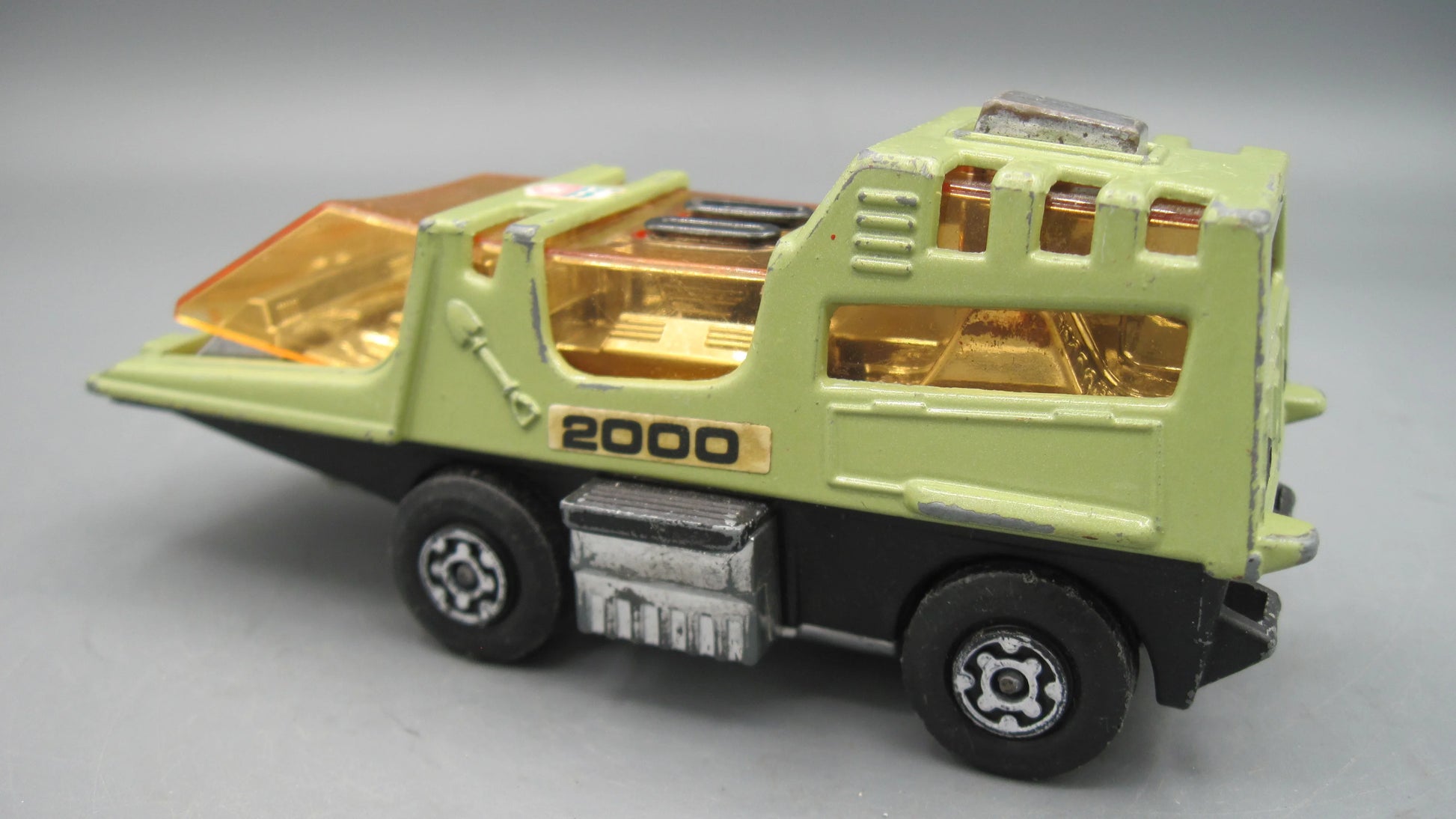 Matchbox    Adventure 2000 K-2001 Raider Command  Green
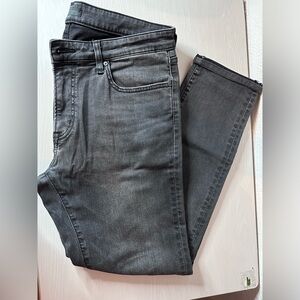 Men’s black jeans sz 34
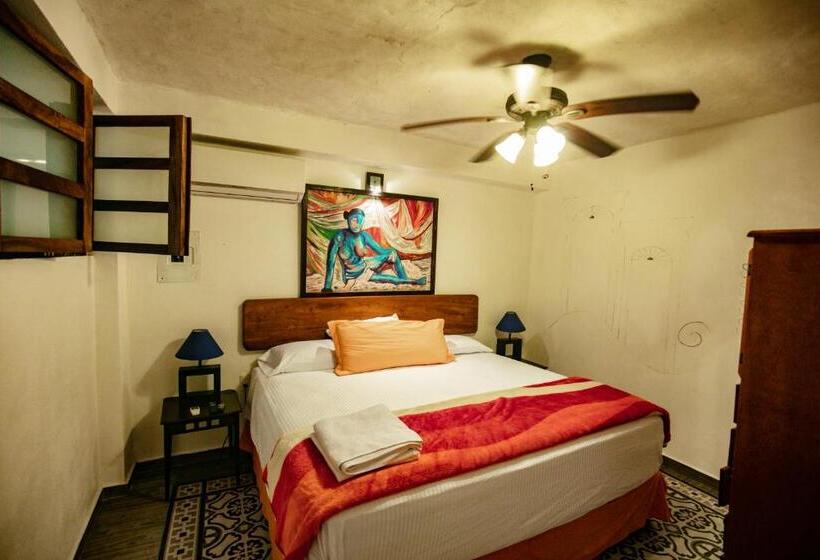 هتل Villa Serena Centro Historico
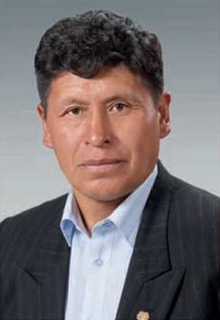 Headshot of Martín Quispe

----

▶ About this exercise: After locating the line that holds "Men’s black jeans sz 34", output exactly the lines from it through the last line of the material above, inclusive, without pictures.

▶ Answer for this exercise:
 Men’s black jeans sz 34
 هتل Villa Serena Centro Historico
 Headshot of Martín Quispe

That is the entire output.